The Web site describes the school as “a 6-12 public school whose mission is to provide a rigorous, innovative, college preparatory education focused on math, science, and technology applications while regularly celebrating the accomplishments of its diverse student body... Our dedicated staff works to improve the abilities and talents of all students through hands-on programs and project based learning.”
When I walked into the Academy building, it was not the urban oasis of cutting-edge tech I expected. The building smelled like most high schools: of paint and sneakers and sweat. Now in the classroom, I was impressed. There was a comfortable atmosphere in the room that buzzed with conversations from the students. Their seventh-grade math teacher was a young man who worked through a math problem on an interactive whiteboard. In front of each student was a math textbook, a notebook, a TI graphing calculator, and a Qwizdom student response system. I had seen these tools demoed plenty of times at conferences, but it just wasn’t the same as seeing them in action. Watch, for example, as these students work through the math problem using their tools:
You can see the kids thinking, using their tools not to solve the problem, but as a means to tap into those higher-order thinking skills so crucial to real learning.

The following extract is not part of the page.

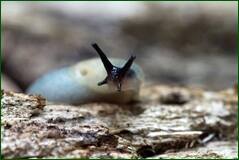 0_101908_44e03562_orig.jpg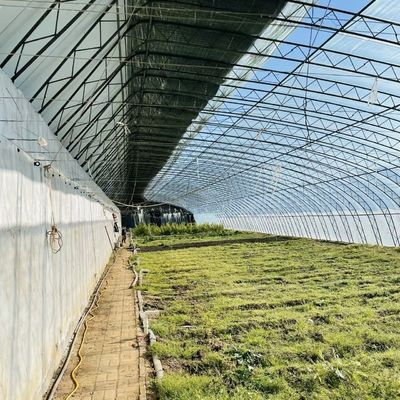 Full Payment Single Layer Hydroponics Flower Sunlight Greenhouse for Your Initial Payment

We stopped next at a sixth-grade math class. The atmosphere was slightly more subdued, but the students were still engaged. Every student was participating. If they chatted, it was clear they were talking about the problem that needed solving. This teacher (also a young man) used a traditional whiteboard instead of an interactive whiteboard, combined with a projector and an interactive slate to demonstrate problems in front of the classroom. Again, the class worked through the problem and answered using their clickers. The displayed results were anonymous, but each clicker is linked to a specific student, so the teacher can gather data on the class or individual students who may need support.
We next visited the robotics lab. The school implements project-based learning, partnering with Vision Ed, a company that specializes in bringing emerging technologies to teachers, students, and administrators in high-need areas. The kids demonstrated their complex robot design that they will be entering in April’s Robofest contest:
After the class tour, we returned to a small back room of the library, where I was impressed by the energy and enthusiasm of Principal Lazar(pictured below). She rattled off her many duties: teaching, IT, maintenance, fundraising, grant writing, and more.
“I never wanted to be a principal,” she said. “But when this opportunity came up, I couldn’t turn it down. How many people get a chance to design a school from the ground up?”
And her hard work—and that of many others in the school community--has paid off. Now in its third year, the Archimedes Academy has added grades 9-12 (their first group of students started in grade six). Their return enrollment is almost 100%, and the applications for admittance to the school now far exceeds the openings. They are adding more teachers, more rooms, and I suspect may soon outgrow their space.
There was also a confidence in the students that exuded self-esteem. I attribute that self esteem to not just the technology tools that are integral to the curriculum, but to the energy and enthusiasm of the teachers, and to the clear leadership of a principal who has not just vision, but a plan to realize that vision.